▶ _EXERCISE AIM_
Exactly the lines from the one containing "CFA (27e journée)" through the end of the records must be reproduced; leave out all pictures.
- - - - - - -
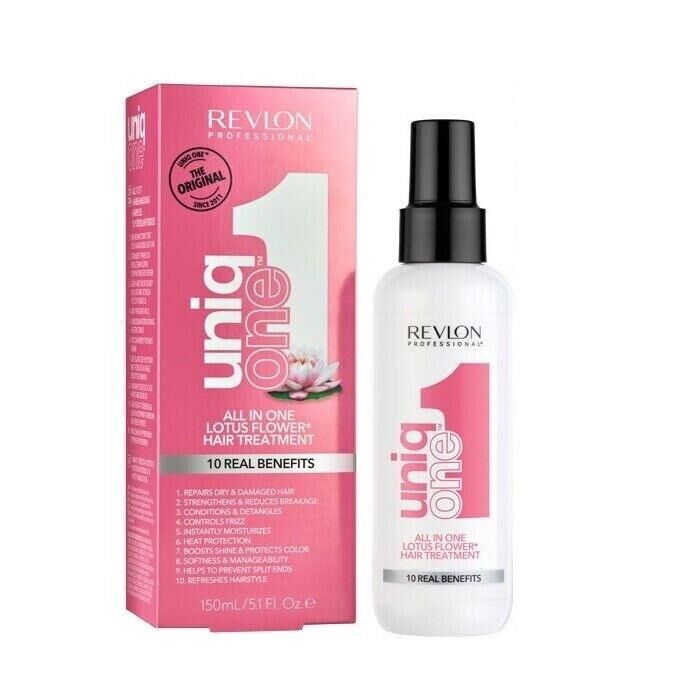 RP UNIQONE HAIR TREATMENT LOTUS 150ml - 1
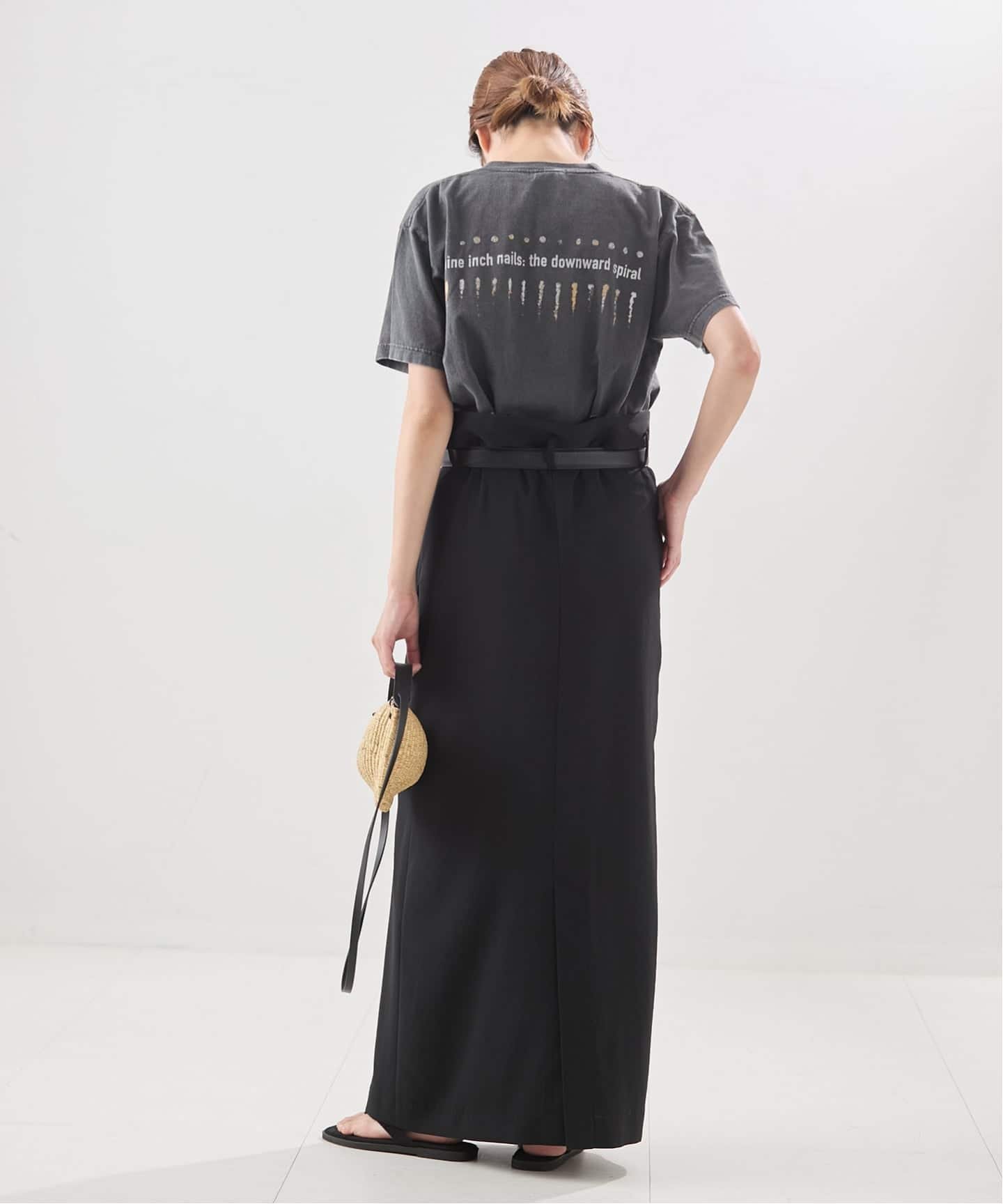 JOURNAL STANDARD L'ESSAGE 《予約》【GOOD ROCK SPEED】26NIN003W ss Tシャツ ジャーナルスタンダード レサージュ トップス カットソー・Tシャツ グレー【送料無料】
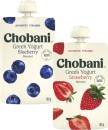 Chobani-Greek-Yogurt-Pouch-140g Sale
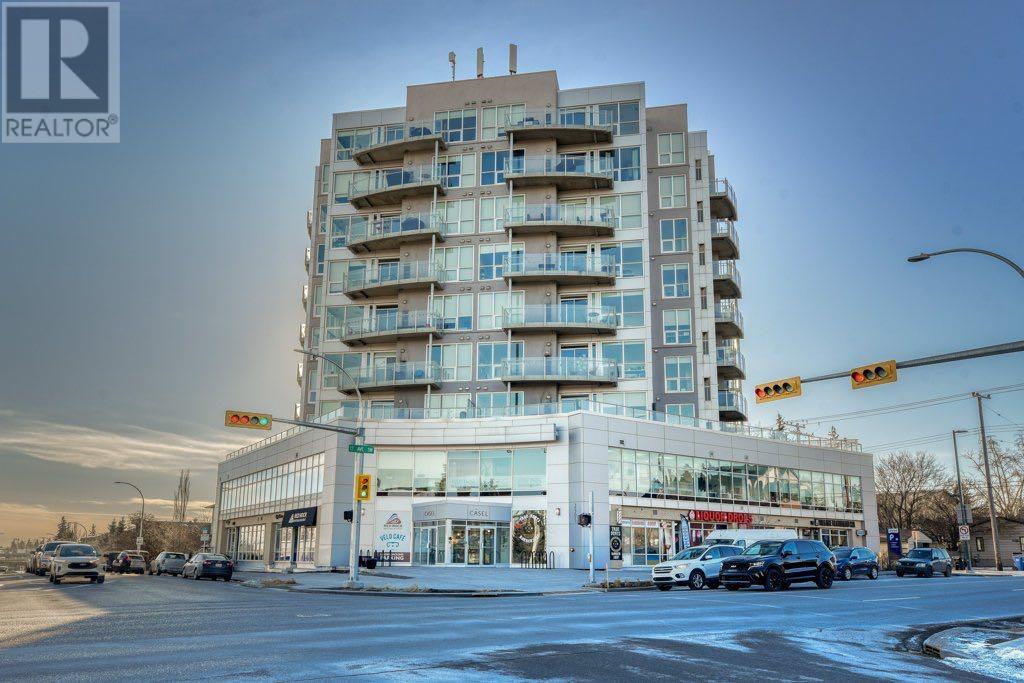 805, 2505 17 Avenue SW, Calgary, Alberta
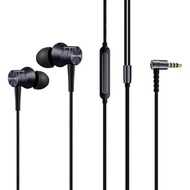 for 1MORE E1021 Wired Headphone 3.5mm Gold-Plated Plug Braided Cable HiFi Sound Gaming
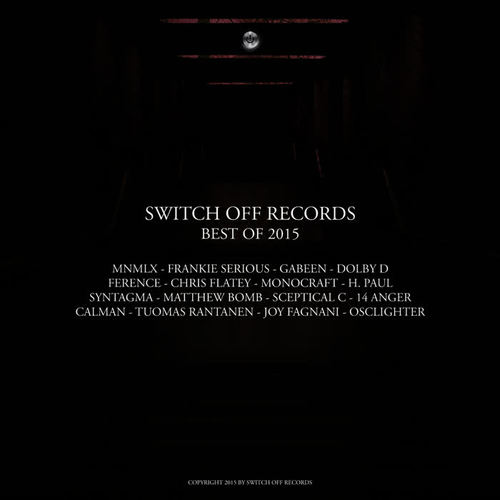 SWITCH OFF RECORDS - BEST OF 2015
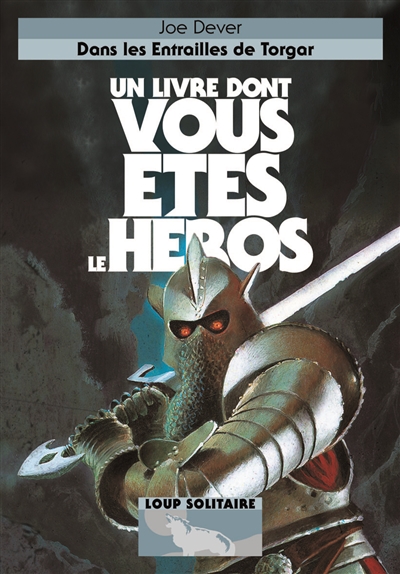 Dans les entrailles de torgar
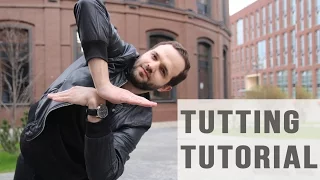 ▉▊▋▌▍TUTTING TUTORIAL: от простого к сложному | таттинг,  king tut  (кинг тат) обучение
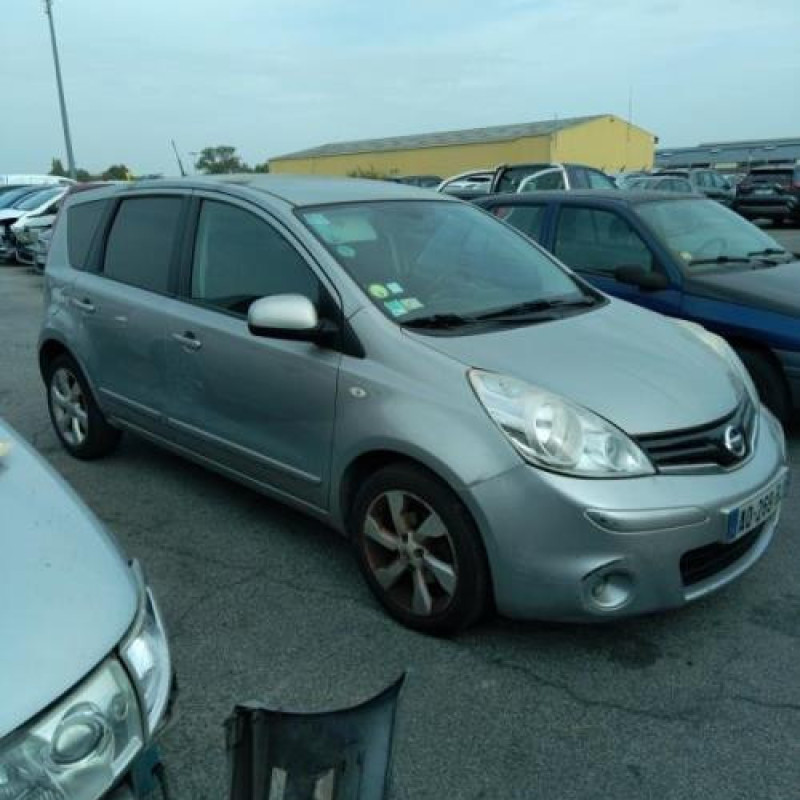 Colonne de direction NISSAN NOTE 1 Photo n°5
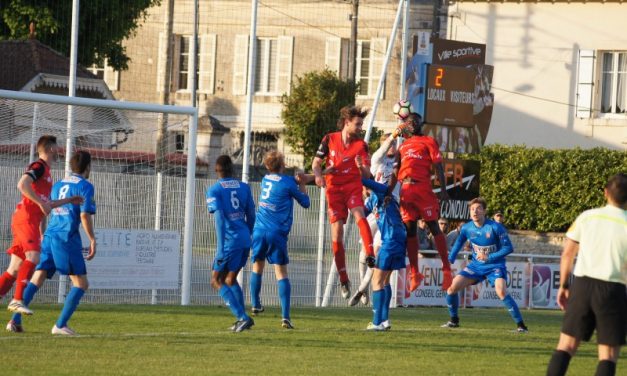 CFA (27e journée) : Le SO Cholet se rapproche encore un peu plus du « National »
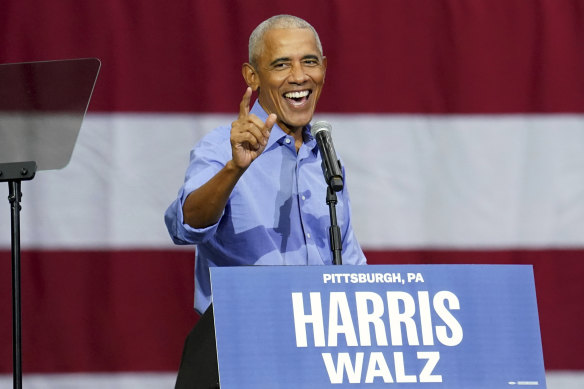 Black voters drift from Democrats, imperilling Harris bid, poll shows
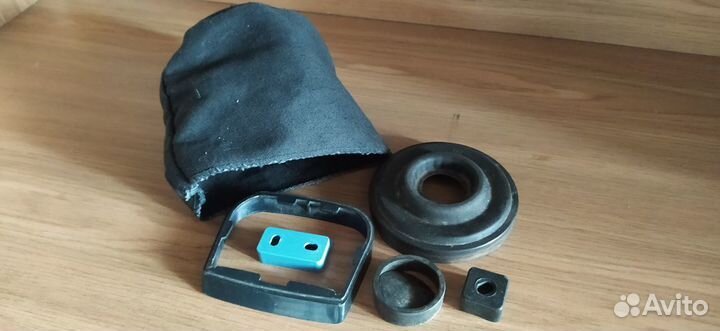 Пылесос Шмель-4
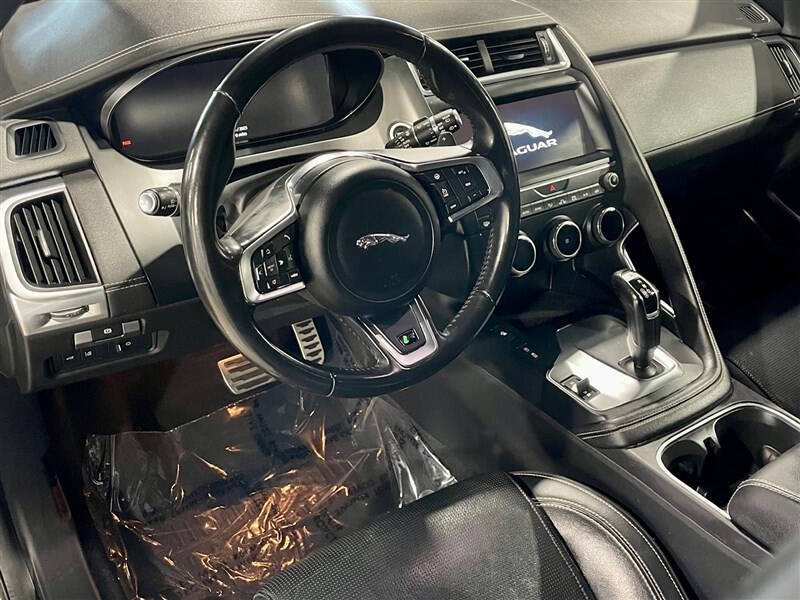 2020 Jaguar E-PACE P300 R-Dynamic S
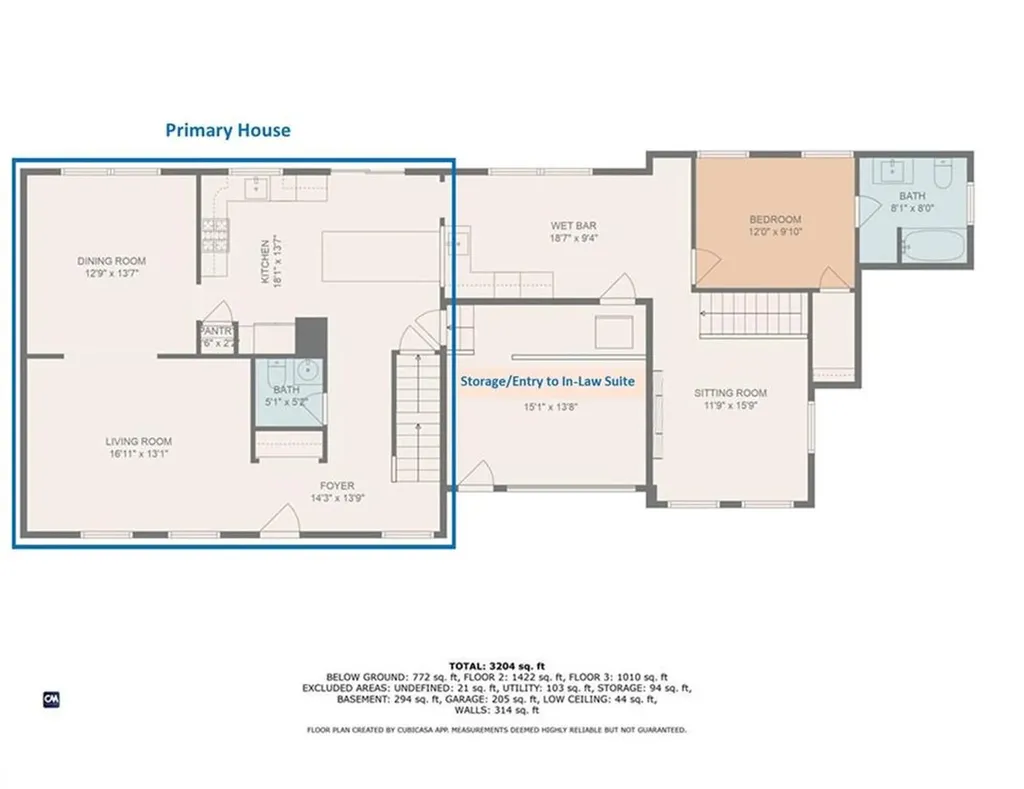 105 Amy Drive Cranston RI 02921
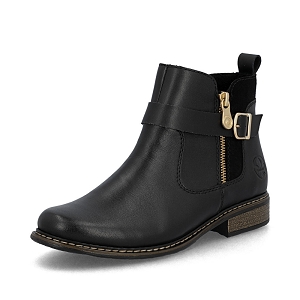 RIEKER Z4959 00<br>Noir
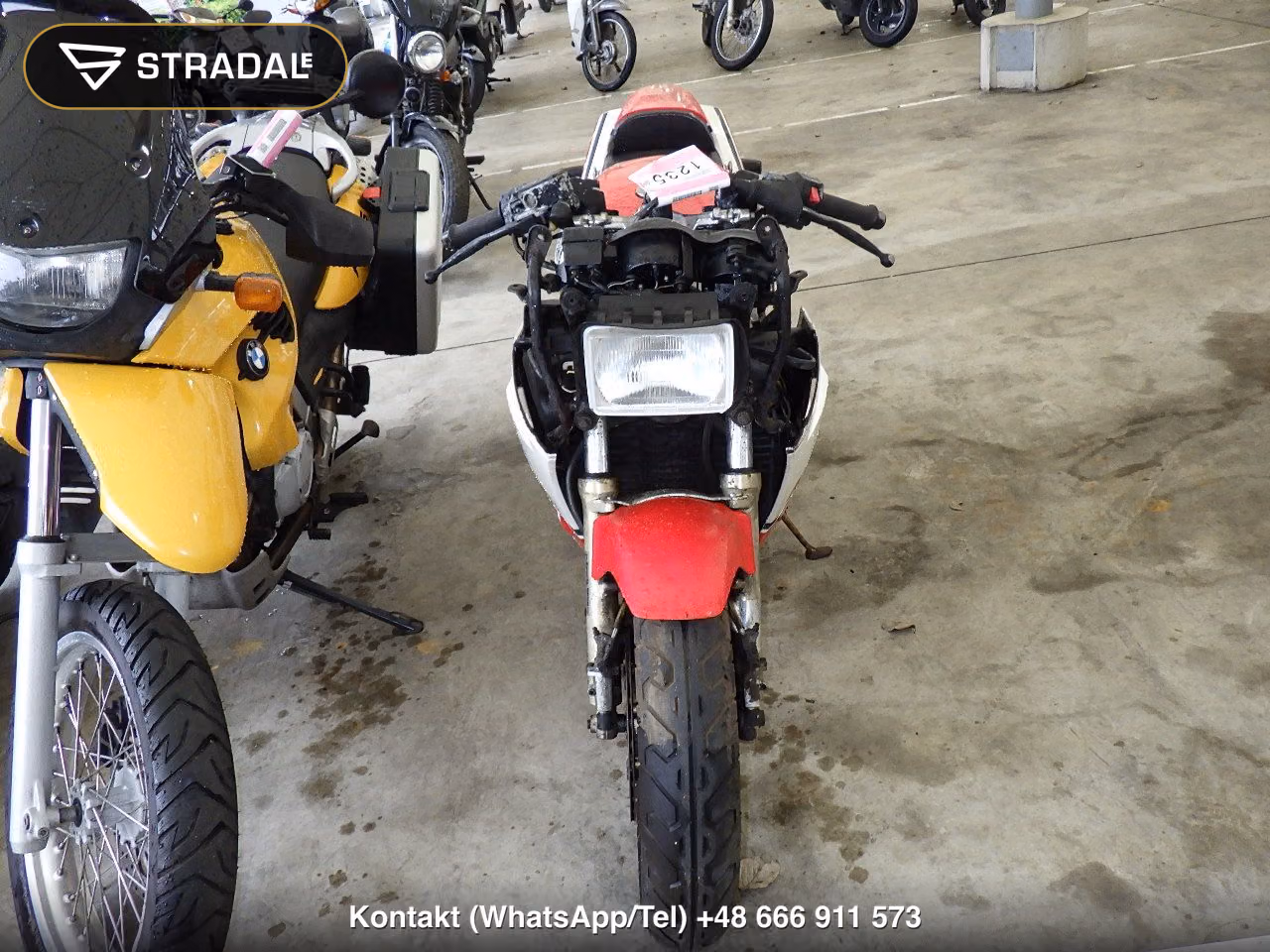 YAMAHA RZV500R, miniaturka 6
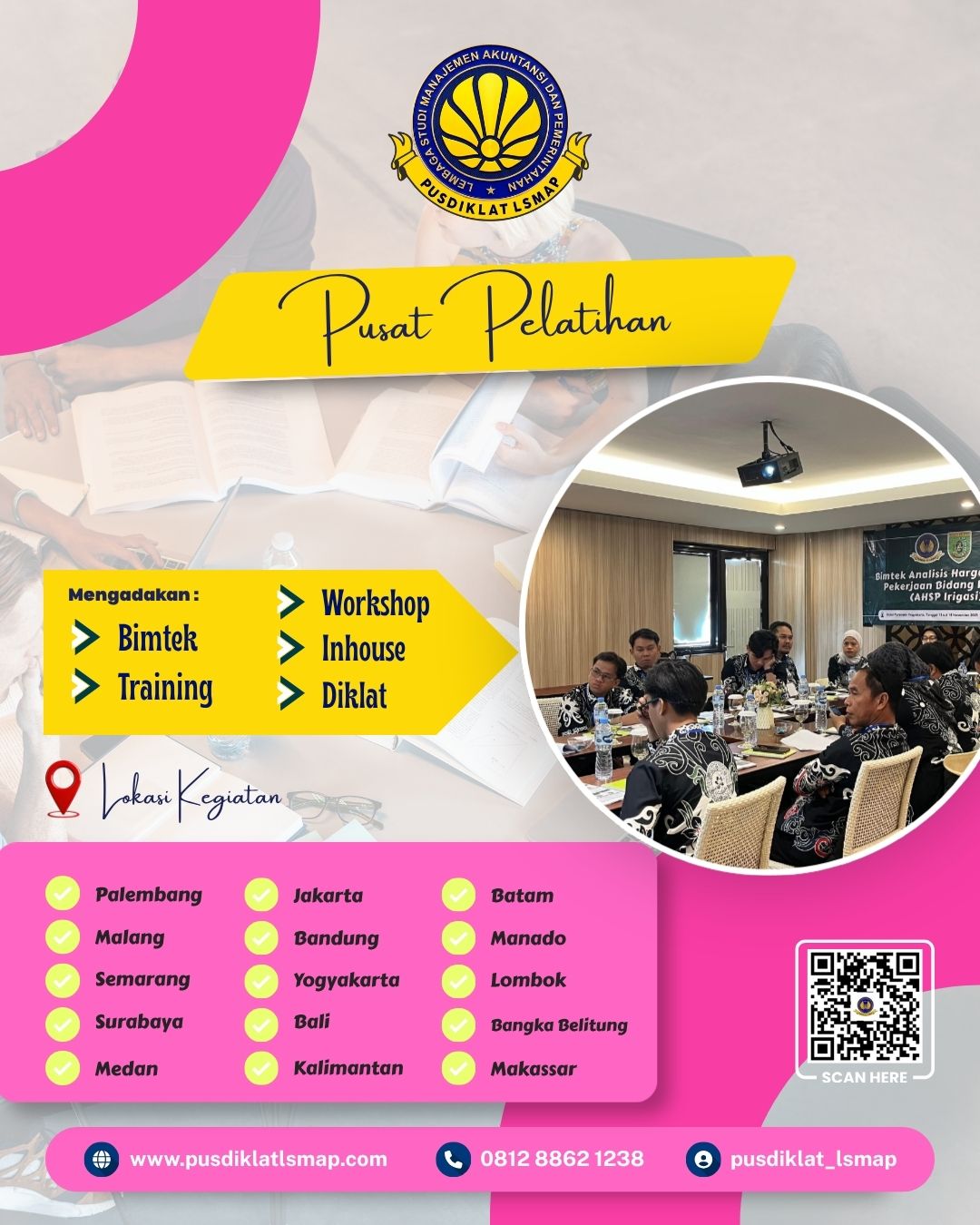 Bimtek Permendagri Nomor 14 Tahun 2026 Penyususan RKPD 2027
- - - - - - -
▶ _EXERCISE SOLUTION_
 CFA (27e journée) : Le SO Cholet se rapproche encore un peu plus du « National »
 Black voters drift from Democrats, imperilling Harris bid, poll shows
 Пылесос Шмель-4
 2020 Jaguar E-PACE P300 R-Dynamic S
 105 Amy Drive Cranston RI 02921
 RIEKER Z4959 00<br>Noir
 YAMAHA RZV500R, miniaturka 6
 Bimtek Permendagri Nomor 14 Tahun 2026 Penyususan RKPD 2027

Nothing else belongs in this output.